January 13th, 2010 | Comments | Posted in Food, Rethink Your Shrink, Thea, Weight Loss, challenges |

After getting a solid 7 hours of sleep last night (a rarity these days), I stepped on the scale and hesitantly looked down.

You see, I’ve had a less than stellar week.  I slipped up on two of my challenge goals and does anyone else think that Christmas candy rivals Halloween candy in terms of sheer volume?

I may have indulged in a Hershey Kiss.  Or 50.  Some may have been slathered in peanut butter.  I’ll never tell.

I was pleasantly surprised to see that while I gained, I am still in my healthy range….so it’s all good.

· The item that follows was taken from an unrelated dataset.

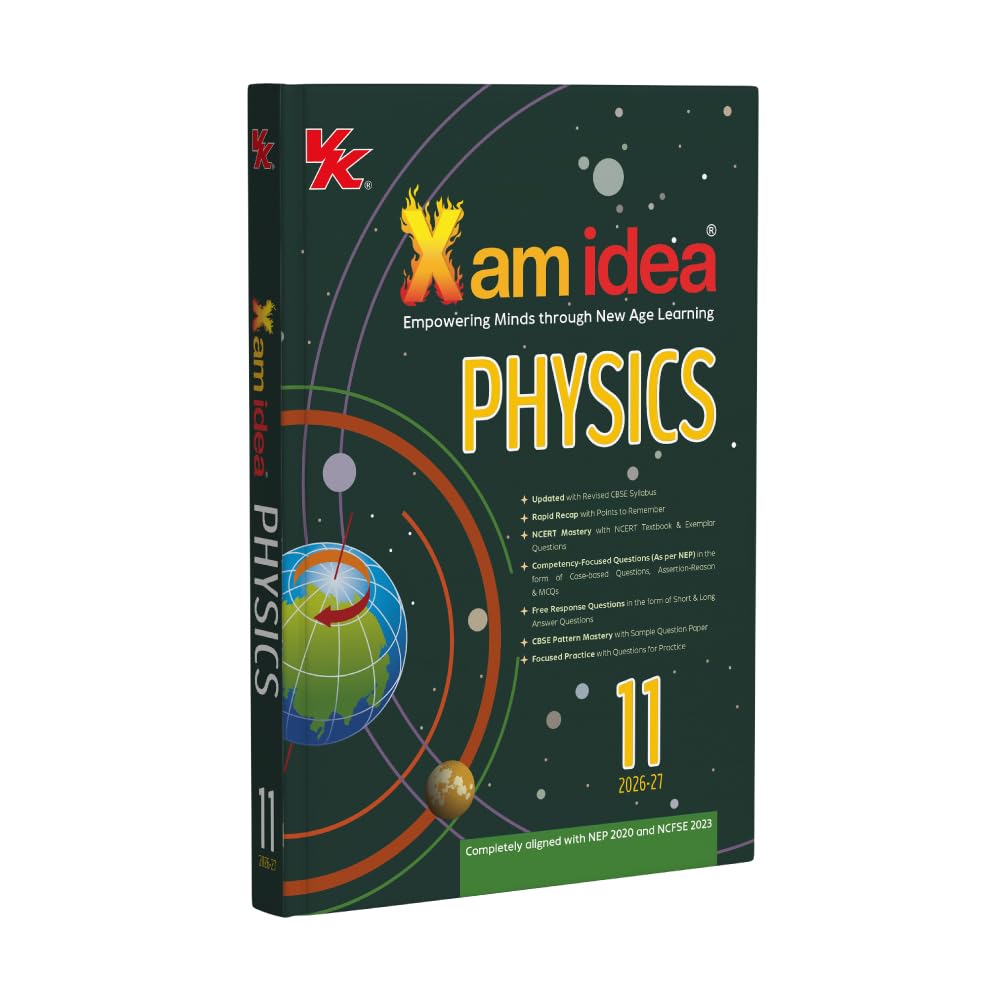Xam Idea Physics, Chemistry & Mathematics Class 11 (Set of 3 Books) _ Latest for 2027 Examinations (Paperback)
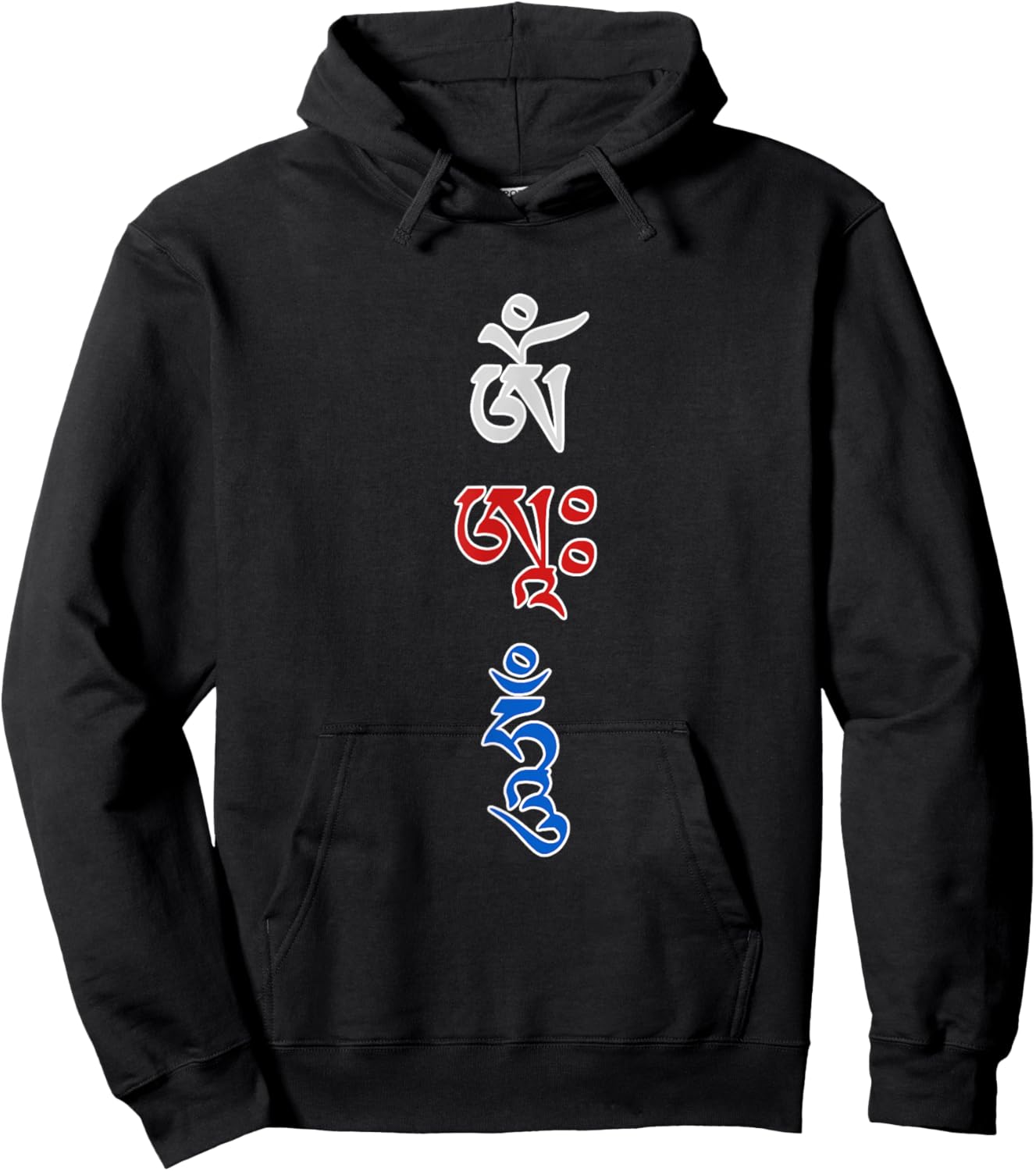 OM AH HUM Mantra Vajrayana Hoodie - Hoodie | Black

I have a bit of a challenge on the horizon.  My family leaves on Sunday afternoon for vacation.  We will be spending a week at Walt Disney World and I’m a little nervous.  I hope I don’t let myself go too much.  The resort has a 1.5 mile running path so I’m bringing all of my running stuff.  I just need to actually…you know…RUN!

Rethink Your Shrink – Week 1!

When I stepped on the scale this morning, the clouds parted and the skies were filled with sunshine and singing birds with ribbons in their beaks and I SWEAR I heard music.

Their may have even been an animated princess cheering for me.

Somehow, I lost 3 pounds over the last two weeks. I’m at 153! I haven’t been at 153 since 2007!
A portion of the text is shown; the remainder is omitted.